The Idea of the Wild

As a zookeeper, I spend a lot of time hearing visitors misidentify animals.  That doesn't surprise me too much in and of itself (though for some reason I continue to be amazed at peoples' apparent refusal to read signage).  If a visitor doesn't know what a certain animal is, if they think a lemur is a monkey, or a pelican is a stork, I can understand that.  Unless they've previously heard of or encountered these animals, how would they know what they are?

What does worry me, however, is when those visitors think that a lemur is a raccoon or that a Aldabra tortoise is a snapping turtle (at least for North American zoo visitors).  Lemurs don't normally raid our trash cans.  Raccoons do.  Aldabra tortoises don't normally plod through our backyards.  Snapping turtles do.  What worries me is that so many of our visitors don't seem to realize that.

It strikes me, sometimes, that many of our visitors have an increasingly hard time coming to terms with the idea of their being actual, wild animals in the world.  I notice it in a variety of subtle ways:

There is the surprise (sometimes disbelief) I am greeted with when I tell visitors that some of the animals that they see in our zoo - river otters, beavers, bobcats, bald eagles - can be found naturally in our area - that wild individuals might be visiting their own backyards at the very same moment that they themselves are visiting the zoo.  And it's not even the more seldom-seen animals - I've taken calls from members of the public who have seen deer in their yards and thought that they must be escaped zoo animals.

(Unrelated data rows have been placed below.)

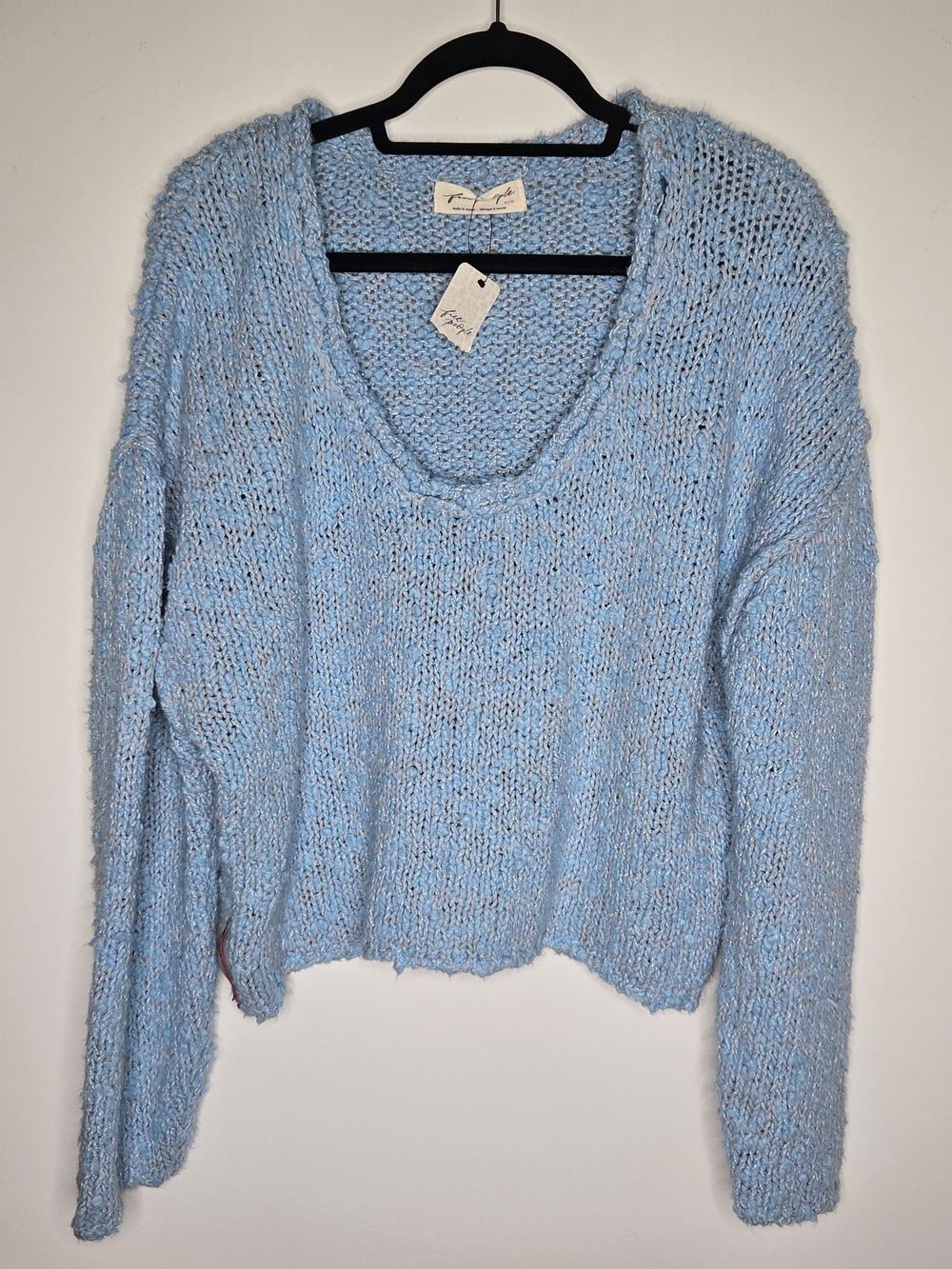 NWT Free People Firefly Pullover Light Blue Bouclé Open Knit Scoop Neck Sweater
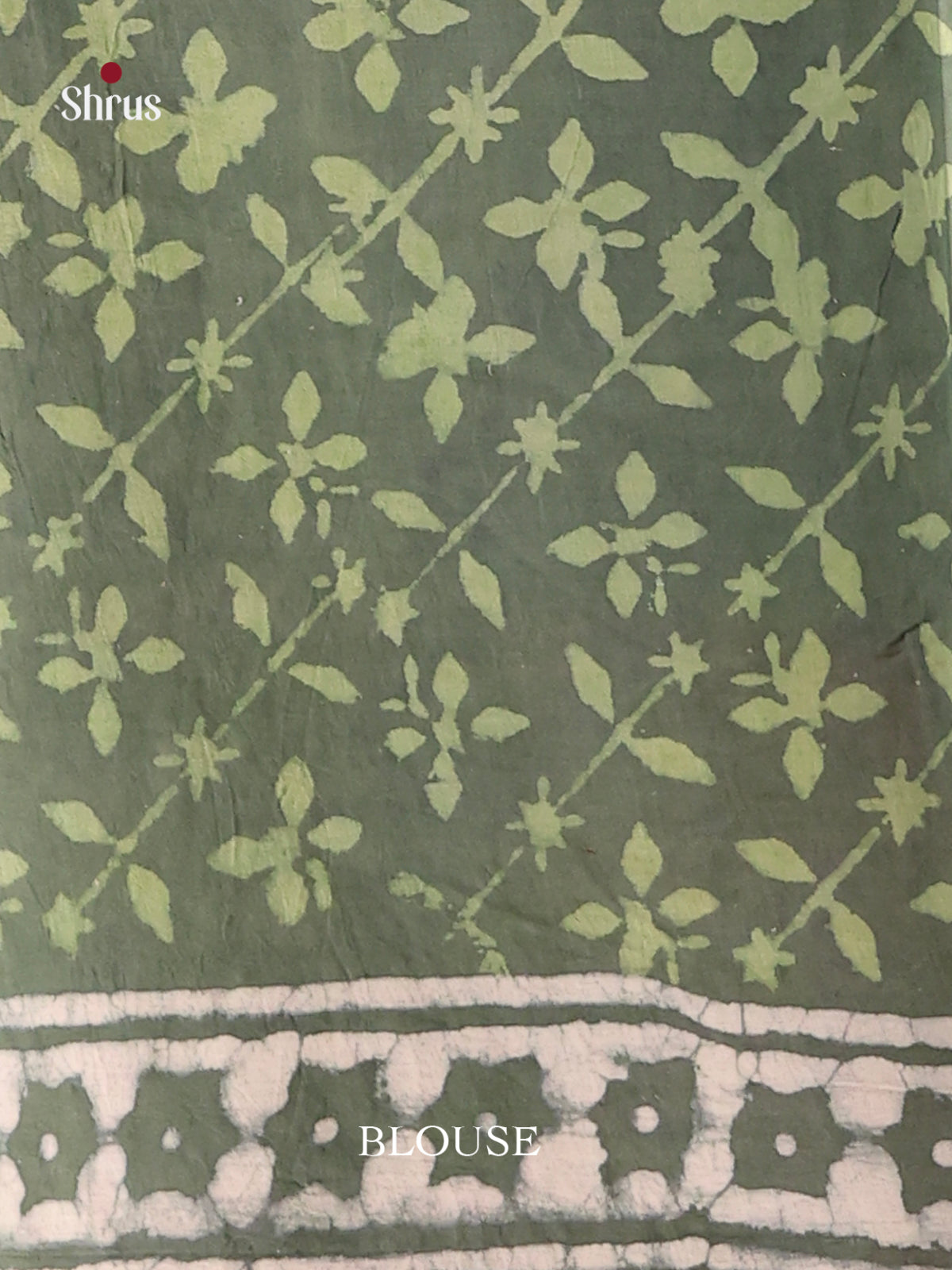 Green & Cream - Jaipur cotton Saree - Shop on Shrus.com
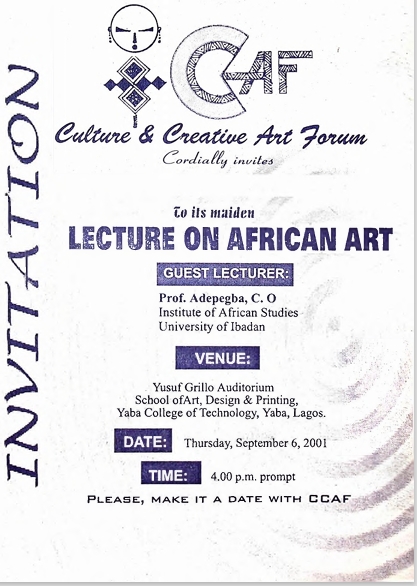 Invitation:Lecture on Africa art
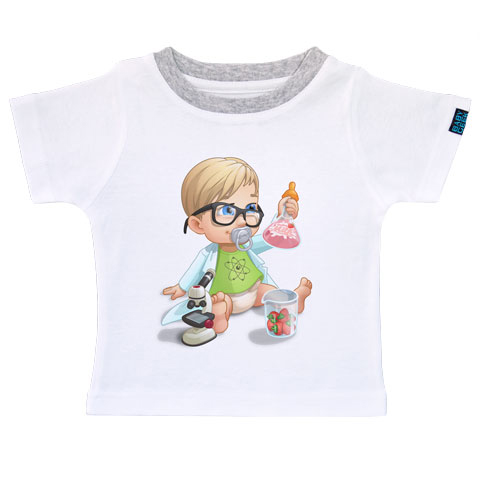 Un jour je serai un chercheur - T-shirt Enfant manches courtes - Coton - Blanc Un jour je serai un chercheur - T-shirt Enfant manches courtes - Coton - Blanc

There is the shock that some seem to feel when they realize the some of the animals they seem roaming the zoo grounds - the turtles and geese, the rabbits and squirrels - are not zoo animals, and are self-controlled beings.  We have a sign on the creek that runs through our zoo pointing out that turtles often bask on logs in the creek.  Visitors seem confused sometimes that there won' always be turtles on those logs - that they may choose to be elsewhere, and that we have no control over it.

And there is the bafflement I encounter when I explain that, even if they see things at the zoo sometimes that may worry them - two animals fighting, for instance, or an individual who is sick or injured - that worse... far worse... often happens in the wild, with no human caretakers.  I see this most often with our geriatric animals.  Visitors will sometimes complain about older animals who look ragged or who sleep all day, or are stiff of movement, and assume that we aren't taking the best care of them.  My answer is always... "They're old.  If we weren't taking care of them, they wouldn't live to be old."


The "Wild" as we know it continues to change.  It gets smaller and smaller ever year, and our management of it grows increasingly intense.  It is, however, still there... at least for now.